→ **TASK PROMPT**
Would you retype the entries from the first line to the line bearing "The Built-In Desk", both included, leaving out every picture?

→ **PROVIDED INFORMATION**
# # #

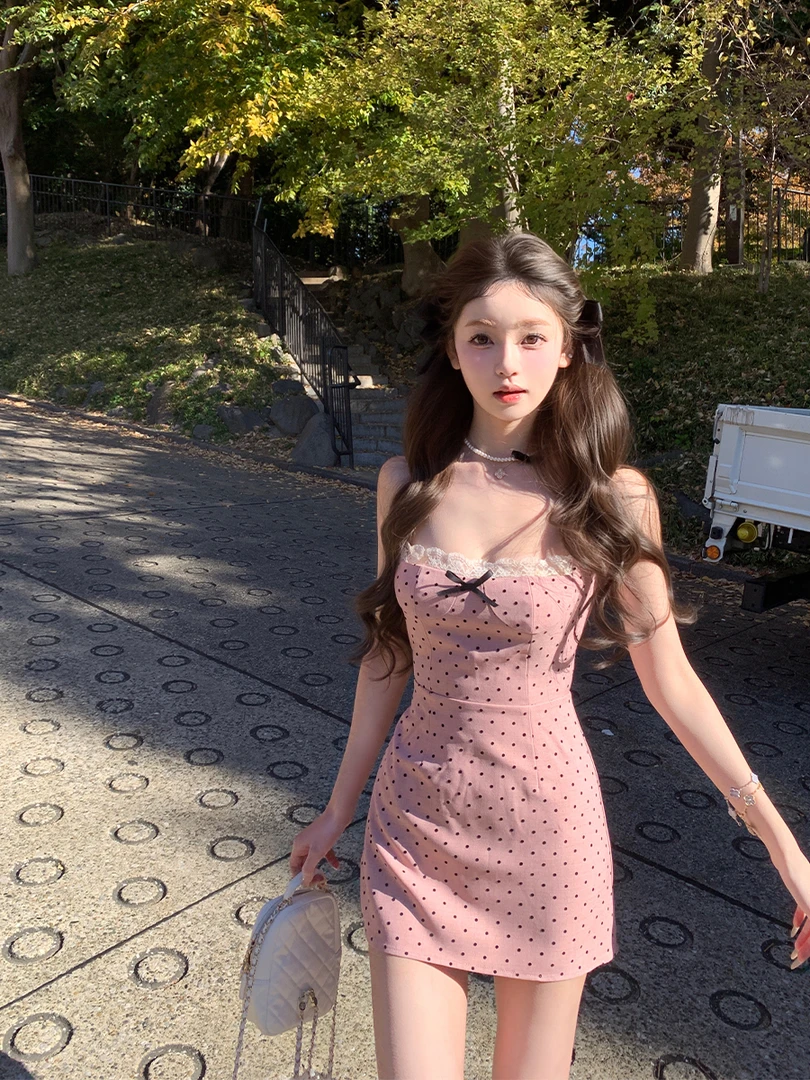 【混血甜心】设计感波点三色露背吊带连衣裙女辣妹气质显瘦短裙子潮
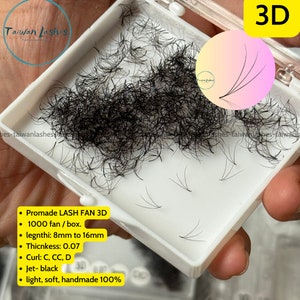 3D Premade Fans Eyelash Extensions Premade Lash Fans Mixed Length Promade Loose Fans Thin Base Premade Volume Lash Extensions 1000 Fans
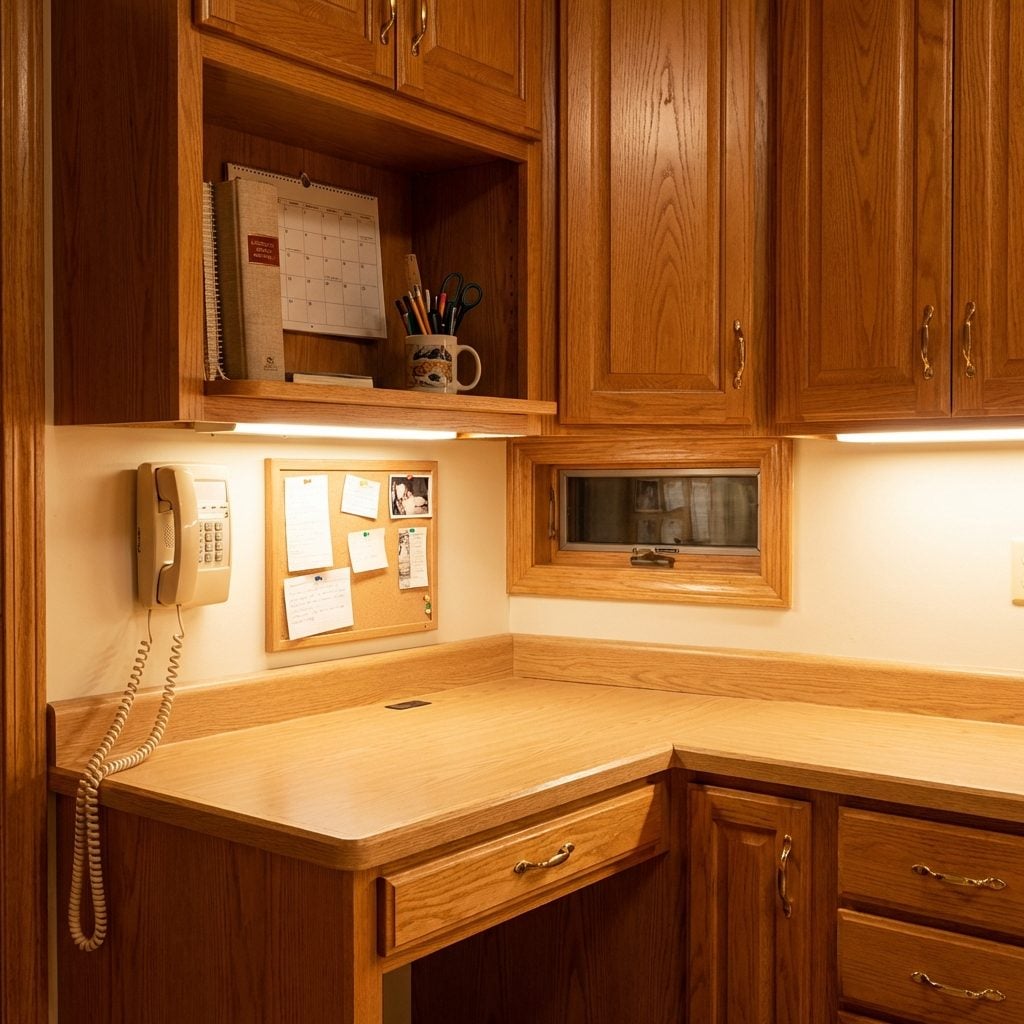 The Built-In Desk Nook With Phone Cradle and Cookbook Shelf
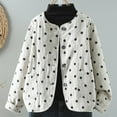 thumbnail image 2 of Lightweight Jackets for Women Cotton Padded Fall Winter Outerwear Retro Polka Dots Print Button up Cardigan Coat (M, White), 2 of 7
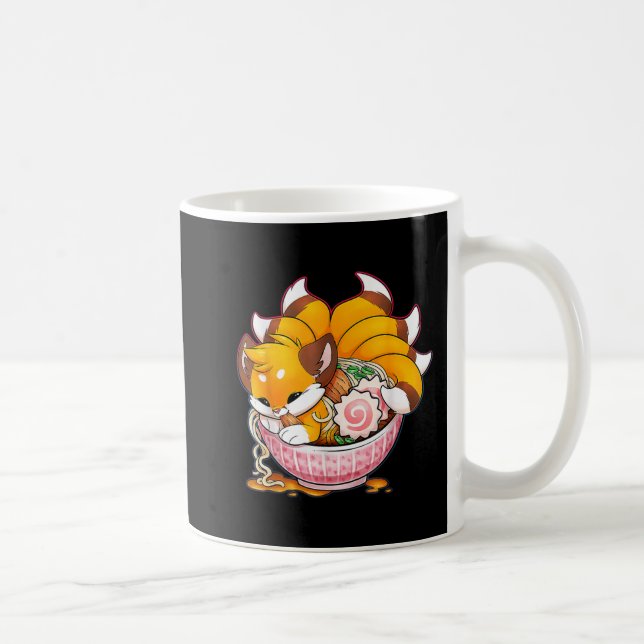 Fun Fox Ramen Japanese Noodles Cute Kawaii Anime G Coffee Mug (Right)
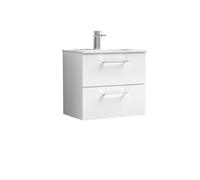 Nuie Arno 600mm Wall Hung 2 Drawer Vanity & Minimalist Basin Gloss White, White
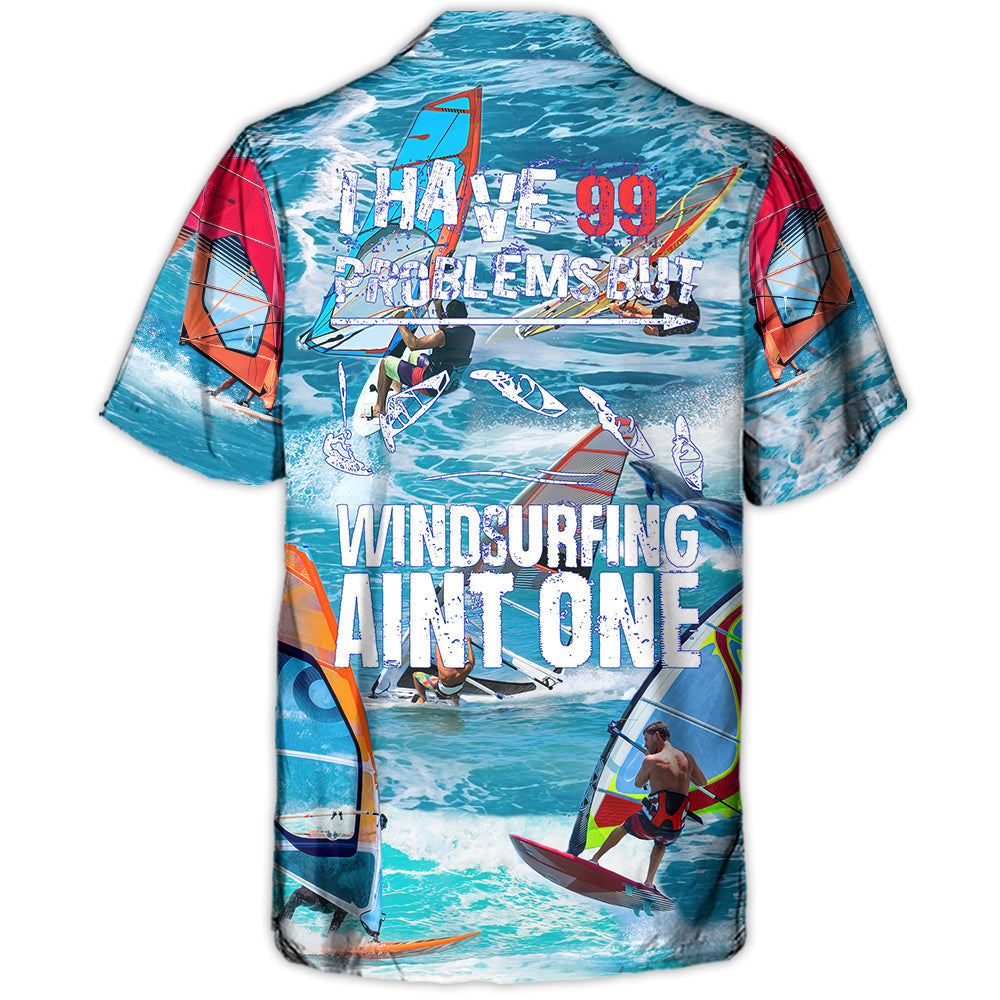 Windsurfing Adventure Graphic Hawaiian Shirt Print Closeup For Summer Travel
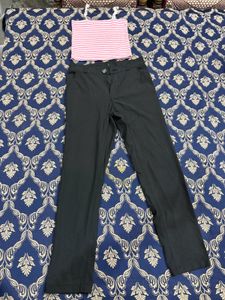Classic Black Trousers and crop top combo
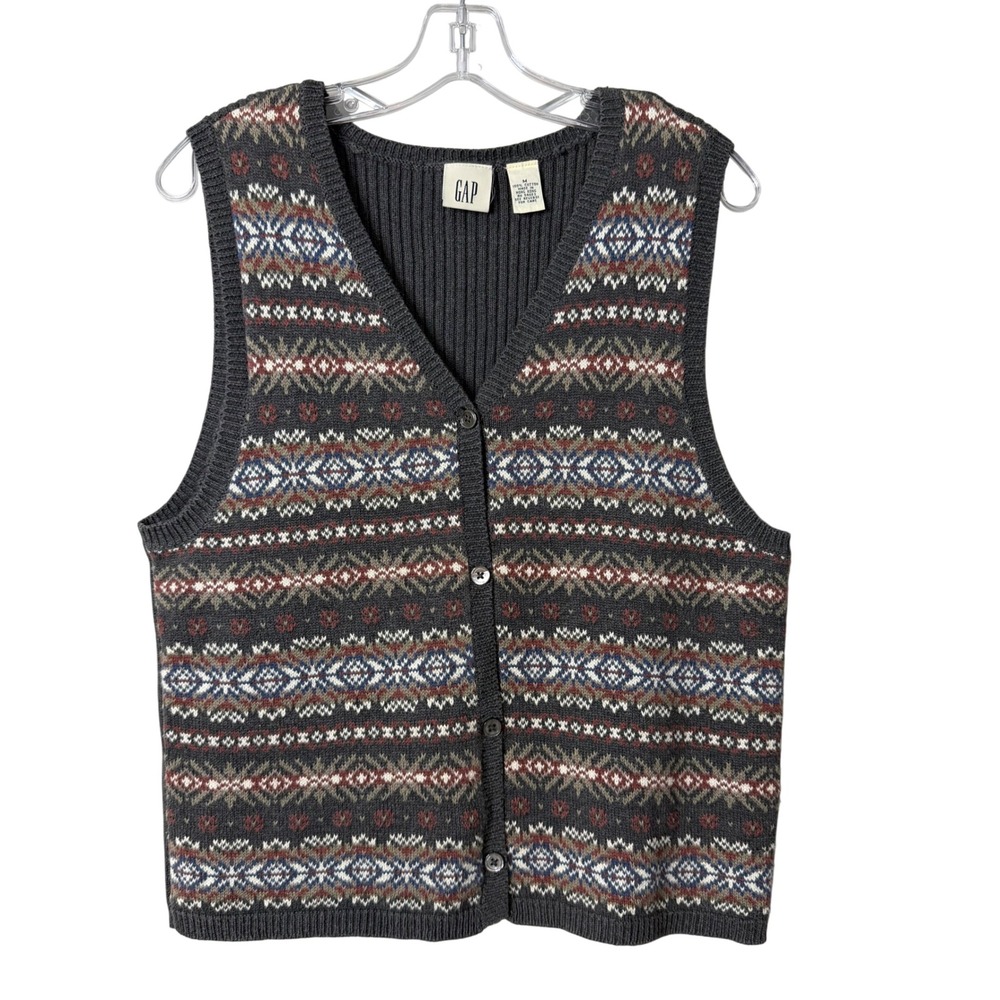 Gap Sweater Vest Womens Medium Grey Fair Isle Button Front V-Neck Cotton Cottage
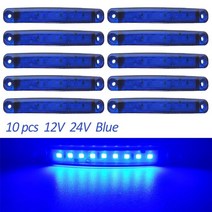 자동차 하네스 선정리 연결잭 커넥터 배선커넥터 10pcs 9 smd 라이트 타원형 정리 트레일러 24v 트럭 트럭 caravan camion led 사이드 마커 표시등 12v, 푸른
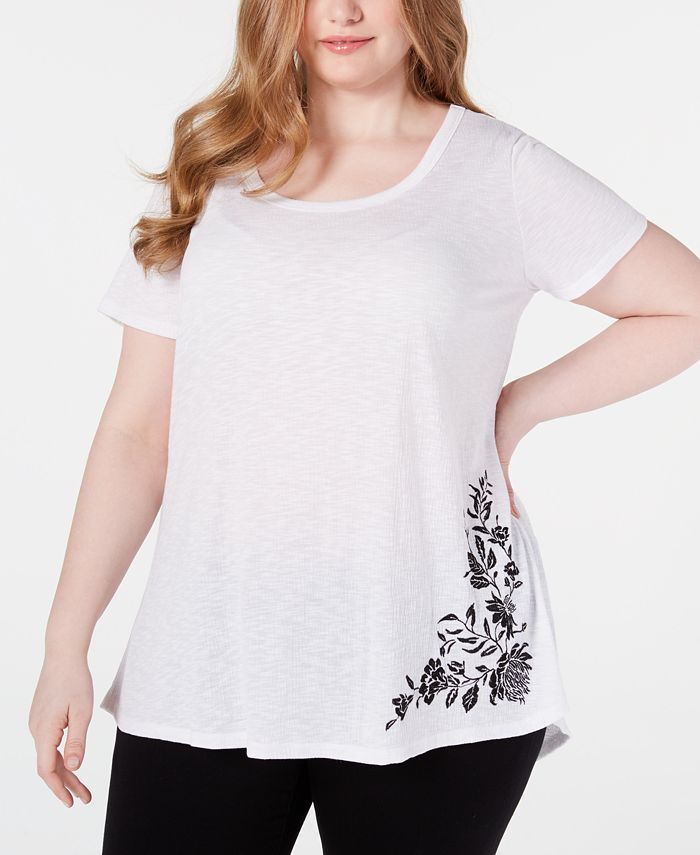 Seven7 Jeans Women's Trendy Plus Ruched Back Top White Size 1X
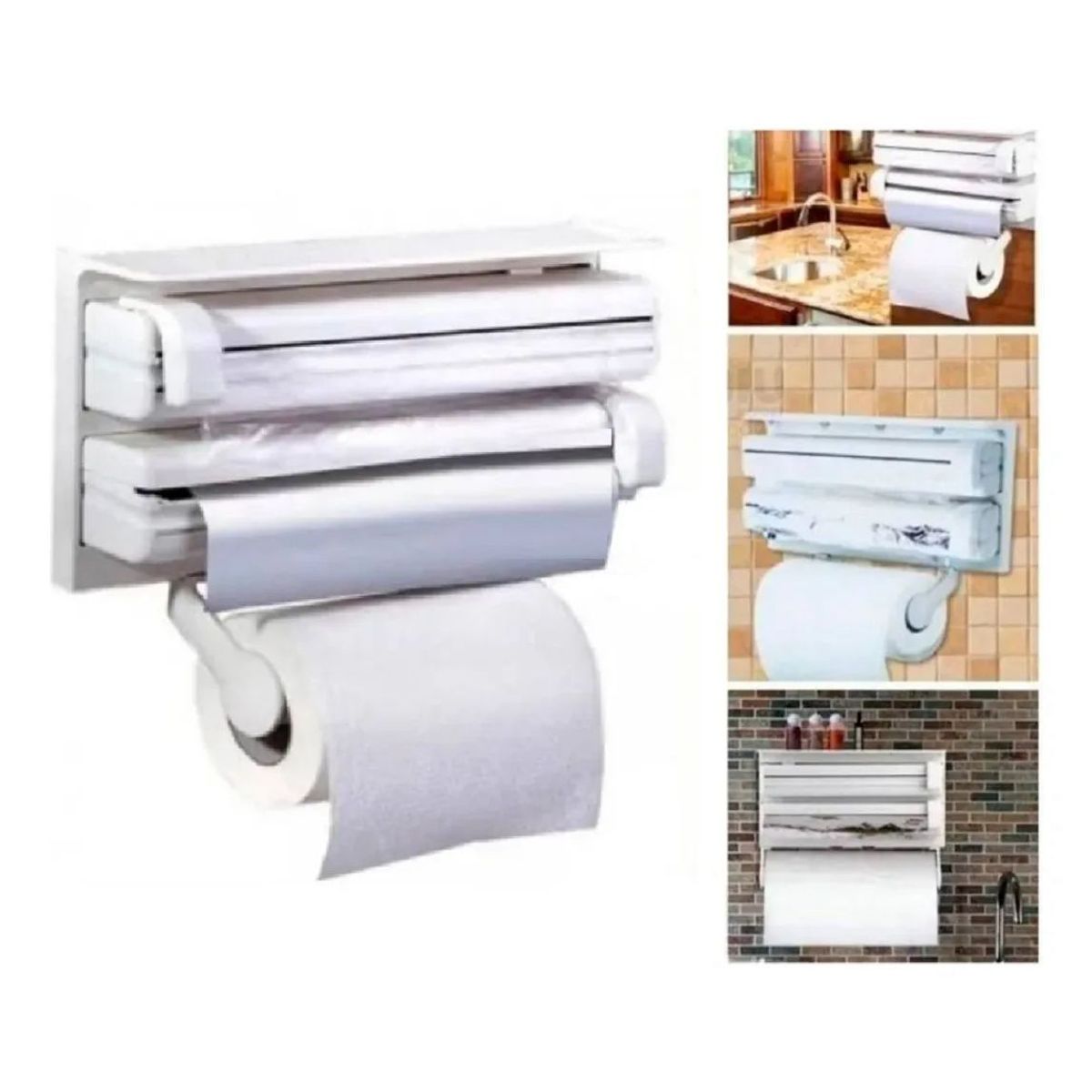 MOVI - Dispensador para Toalla Nova Alusa Folil y Alusa Film, 3 en 1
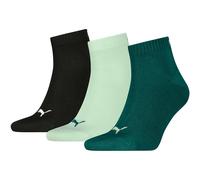 Kurzsocken PUMA "PUMA UNISEX QUARTER PLAIN 3P", Damen, Gr. 39-42, bunt (grün, soft grass, schwarz), Baumwollmischung, elastisch, Socken, Atmungsaktiv, Rippenbündchen, weiche Baumwollmischung (31815450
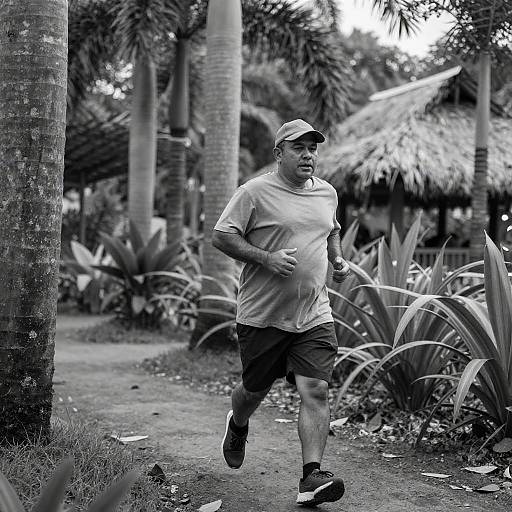 Black-and-White Runner in Tropical Garden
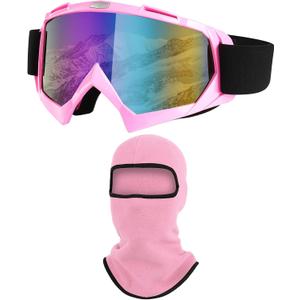 Ski Goggles, Snowboard Motorcycle Goggles with Ski Mask Balaclava Face Mask for Men Women Skiing,Motorcycle & Riding (Light Pink)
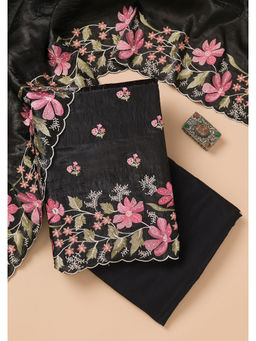 Koskii - Black Thread Work Organza Unstitched Salwar Suit (Set of 3)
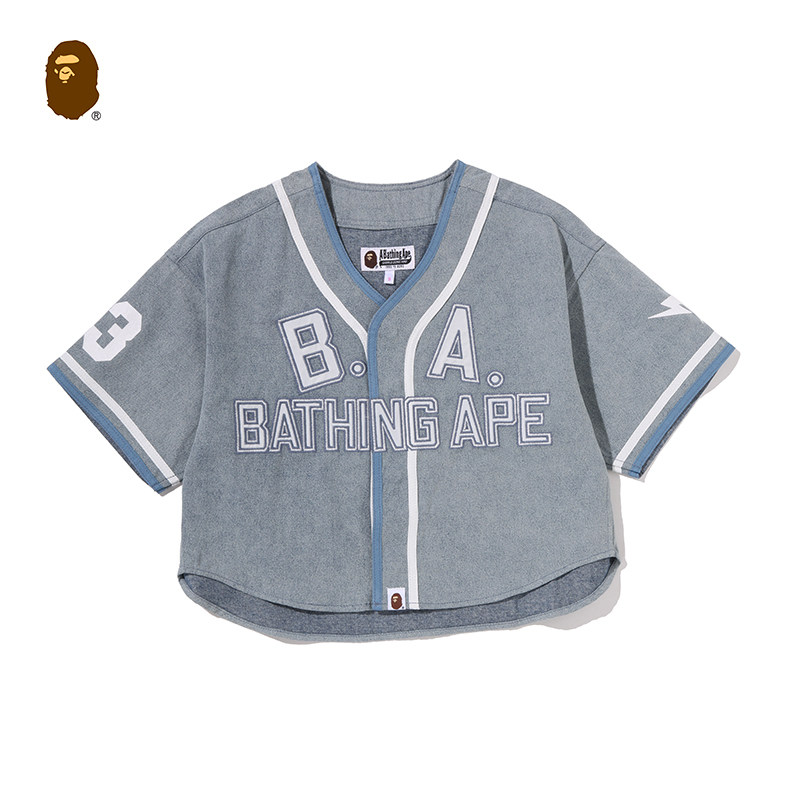 BAPE女装春夏字母刺绣93数字印花图案短袖棒球衫上衣302322Q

# # #

→ **ANSWER SECTION**
 【混血甜心】设计感波点三色露背吊带连衣裙女辣妹气质显瘦短裙子潮
 3D Premade Fans Eyelash Extensions Premade Lash Fans Mixed Length Promade Loose Fans Thin Base Premade Volume Lash Extensions 1000 Fans
 The Built-In Desk Nook With Phone Cradle and Cookbook Shelf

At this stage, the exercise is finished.